(Data for the task begins)

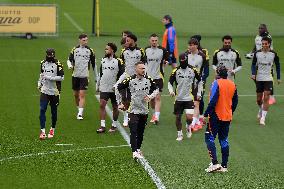 CALCIO - UEFA Champions League - Juventus Training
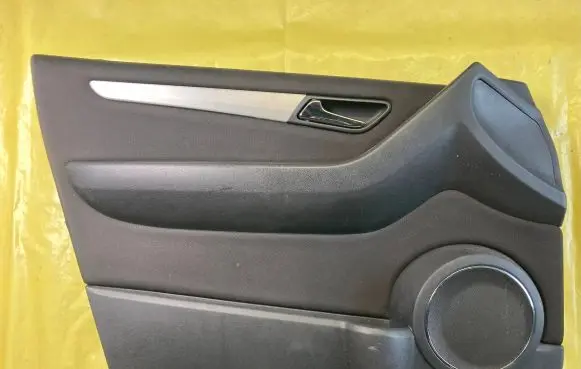 Mercedes-Benz B W245 Front door card panel trim A1697201570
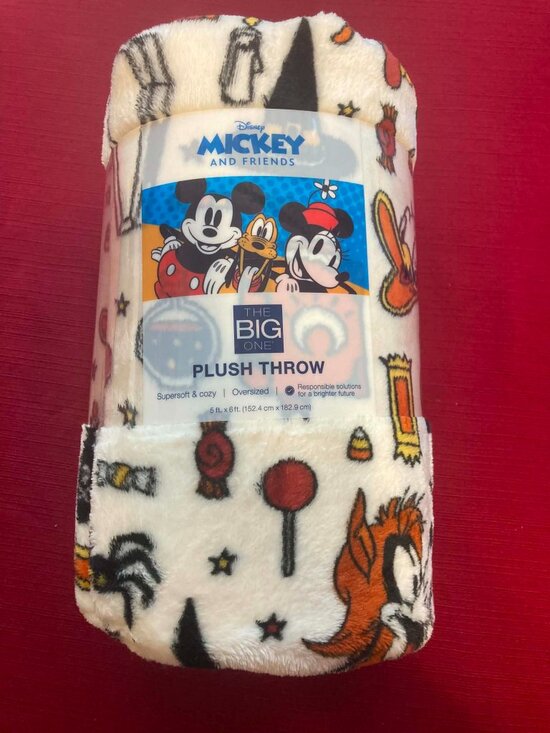 Disney Other - BNIP Disney MICKEY HALLOWEEN Fall 5x6 ft Oversized THROW BLANKET The Big One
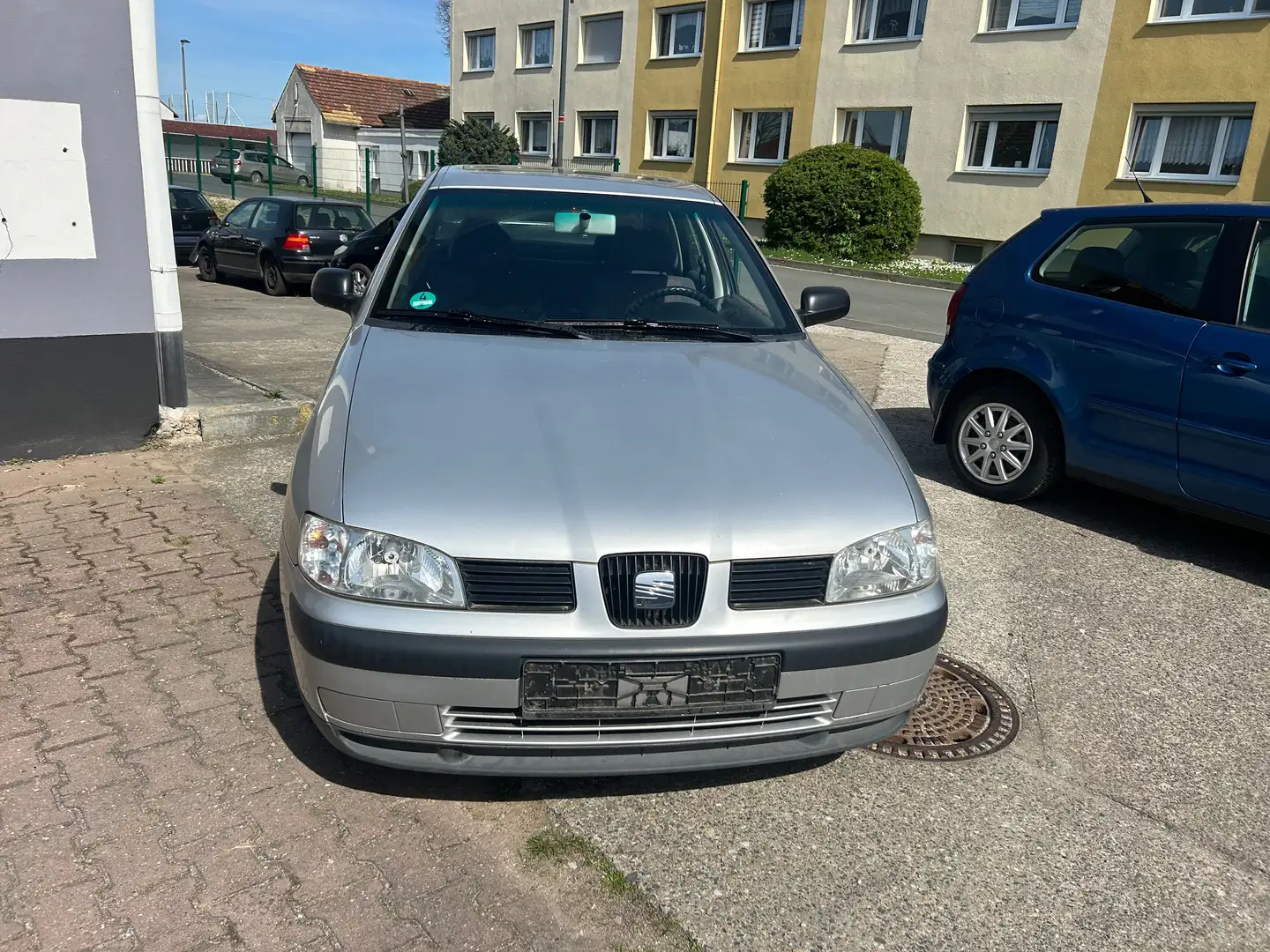 SEAT Cordoba 1.4  BENZIN 83000 KILOMETER Stříbrná - 2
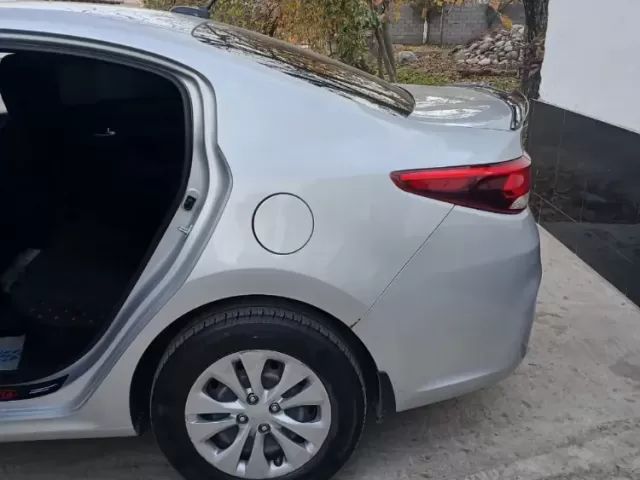 Kia Rio 1, avtobaza.tj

(Data for the task ends)

■ What the task asks ■
Exclude all images and restate the records above word for word.

■ Response area ■
 CALCIO - UEFA Champions League - Juventus Training
 Mercedes-Benz B W245 Front door card panel trim A1697201570
 Disney Other - BNIP Disney MICKEY HALLOWEEN Fall 5x6 ft Oversized THROW BLANKET The Big One
 SEAT Cordoba 1.4  BENZIN 83000 KILOMETER Stříbrná - 2
 Kia Rio 1, avtobaza.tj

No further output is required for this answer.